#### [DATASET EXCERPTS]
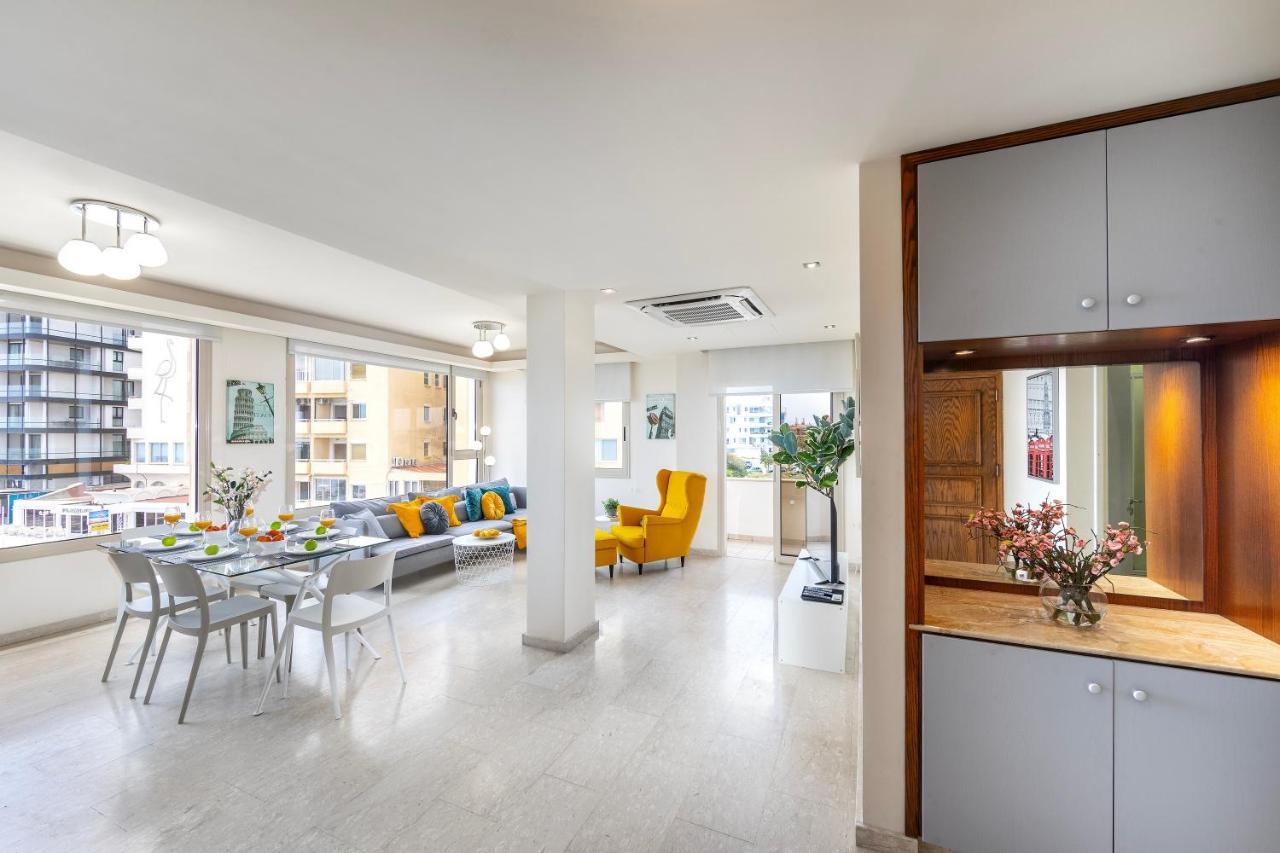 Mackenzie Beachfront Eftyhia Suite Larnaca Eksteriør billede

---

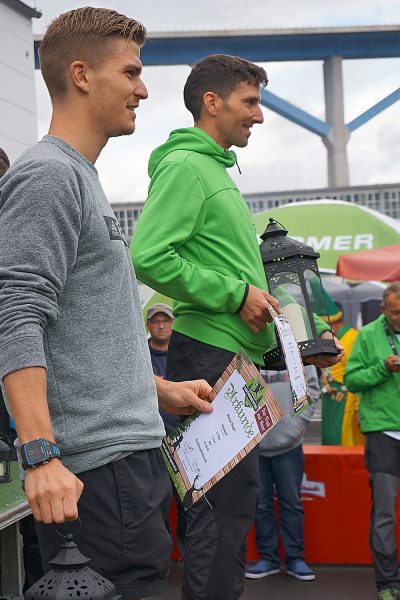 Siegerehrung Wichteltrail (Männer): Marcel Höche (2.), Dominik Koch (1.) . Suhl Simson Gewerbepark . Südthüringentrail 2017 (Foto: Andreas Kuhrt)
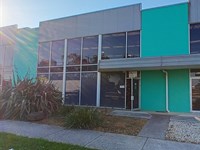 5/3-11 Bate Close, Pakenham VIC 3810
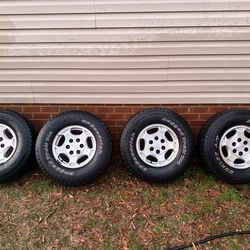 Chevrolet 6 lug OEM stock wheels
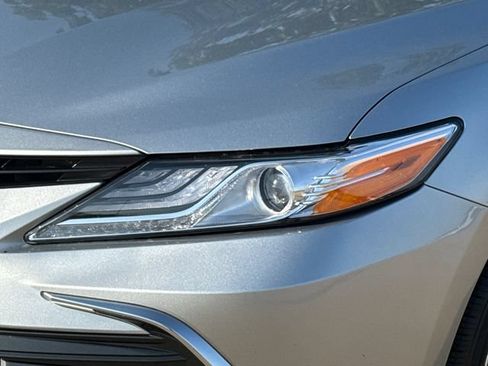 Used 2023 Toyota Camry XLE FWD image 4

---

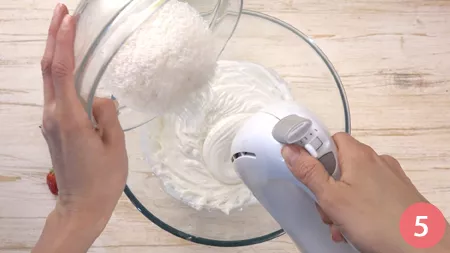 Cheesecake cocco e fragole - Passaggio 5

#### [AIM OF THE EXERCISE]
Using the data above, output the line that has "5/3-11 Bate Close, Pakenham VIC 3810", the line that has "Used 2023 Toyota Camry XLE FWD image 4", and whatever lines fall between, each exactly as it stands and without pictures.

#### [COMPLETED EXERCISE]
 5/3-11 Bate Close, Pakenham VIC 3810
 Chevrolet 6 lug OEM stock wheels
 Used 2023 Toyota Camry XLE FWD image 4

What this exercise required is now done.